Problem requirements ▸
For each line in the material below that holds "image", copy that line.

Record extracts ▸
________________________________________

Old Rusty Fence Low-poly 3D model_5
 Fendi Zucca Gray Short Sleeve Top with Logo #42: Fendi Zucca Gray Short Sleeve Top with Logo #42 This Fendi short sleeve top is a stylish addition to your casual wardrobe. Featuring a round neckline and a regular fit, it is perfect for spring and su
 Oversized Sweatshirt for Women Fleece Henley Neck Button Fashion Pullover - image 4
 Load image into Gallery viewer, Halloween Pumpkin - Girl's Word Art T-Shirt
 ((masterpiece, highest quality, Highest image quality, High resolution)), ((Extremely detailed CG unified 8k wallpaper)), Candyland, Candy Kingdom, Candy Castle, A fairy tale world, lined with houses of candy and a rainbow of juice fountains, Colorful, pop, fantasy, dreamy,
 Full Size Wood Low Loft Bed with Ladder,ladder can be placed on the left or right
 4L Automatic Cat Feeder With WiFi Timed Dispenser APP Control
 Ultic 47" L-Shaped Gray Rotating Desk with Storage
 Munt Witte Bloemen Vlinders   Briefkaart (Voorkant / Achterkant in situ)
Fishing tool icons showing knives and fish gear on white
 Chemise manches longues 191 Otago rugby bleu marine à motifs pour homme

________________________________________

Task answer ▸
 Oversized Sweatshirt for Women Fleece Henley Neck Button Fashion Pullover - image 4
 Load image into Gallery viewer, Halloween Pumpkin - Girl's Word Art T-Shirt
 ((masterpiece, highest quality, Highest image quality, High resolution)), ((Extremely detailed CG unified 8k wallpaper)), Candyland, Candy Kingdom, Candy Castle, A fairy tale world, lined with houses of candy and a rainbow of juice fountains, Colorful, pop, fantasy, dreamy,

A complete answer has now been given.